Estimation of Drug–Polymer Miscibility and Solubility in Amorphous Solid Dispersions Using Experimentally Determined Interaction Parameters

Purpose  The amorphous form of a drug may provide enhanced solubility, dissolution rate, and bioavailability but will also potentially crystallize over time. Miscible polymeric additives provide a means to increase physical stability. Understanding the miscibility of drug–polymer systems is of interest to optimize the formulation of such systems.

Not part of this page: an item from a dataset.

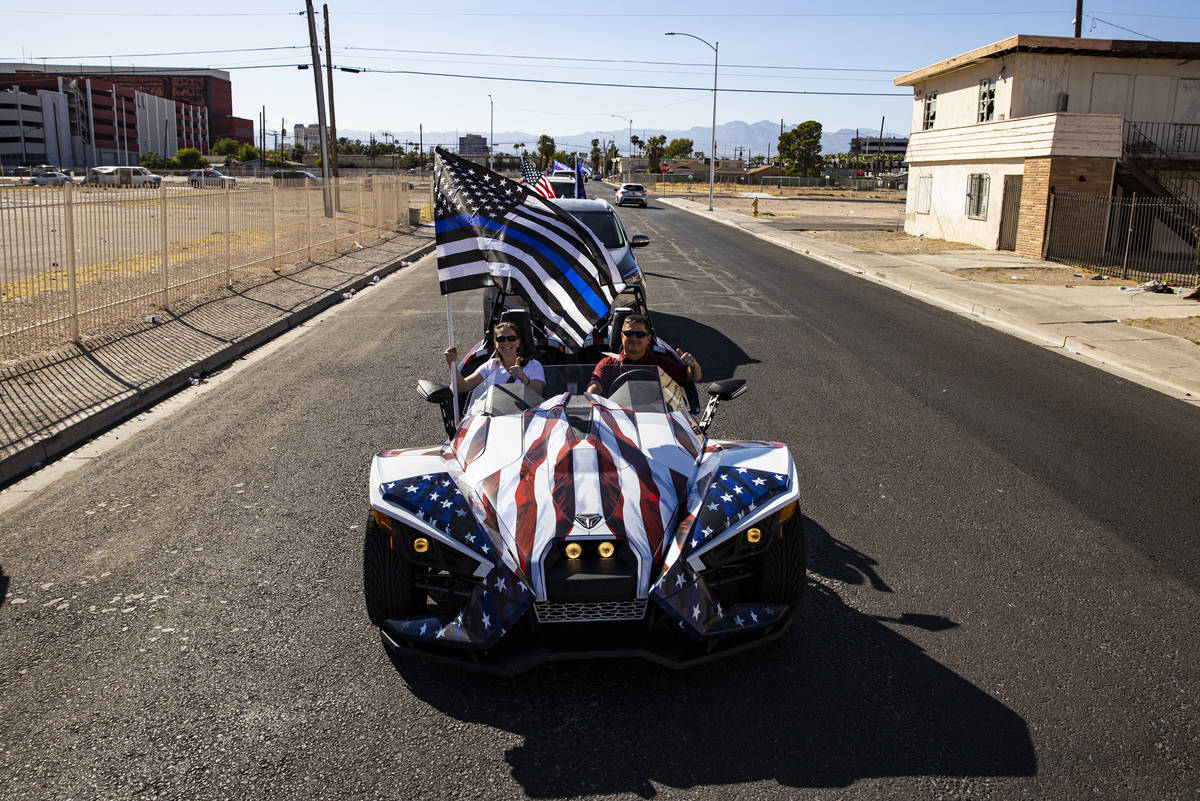 People participate in a parade in support of law enforcement and President Donald Trump in Las ...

The purpose of this work was to develop experimental models which allow for more quantitative estimates of the thermodynamics of mixing amorphous drugs with glassy polymers. Materials and Methods  The thermodynamics of mixing several amorphous drugs with amorphous polymers was estimated by coupling solution theory with experimental data. The entropy of mixing was estimated using Flory–Huggins lattice theory. The enthalpy of mixing and any deviations from the entropy as predicted by Flory–Huggins lattice theory were estimated using two separate experimental techniques; (1) melting point depression of the crystalline drug in the presence of the amorphous polymer was measured using differential scanning calorimetry and (2) determination of the solubility of the drug in 1-ethyl-2-pyrrolidone. The estimated activity coefficient was used to calculate the free energy of mixing of the drugs in the polymers and the corresponding solubility. Results  Mixtures previously reported as miscible showed various degrees of melting point depression while systems reported as immiscible or partially miscible showed little or no melting point depression. The solubility of several compounds in 1-ethyl-2-pyrrolidone predicts that most drugs have a rather low solubility in poly(vinylpyrrolidone). Conclusions  Miscibility of various drugs with polymers can be explored by coupling solution theories with experimental data. These approximations provide insight into the physical stability of drug–polymer mixtures and the thermodynamic driving force for crystallization.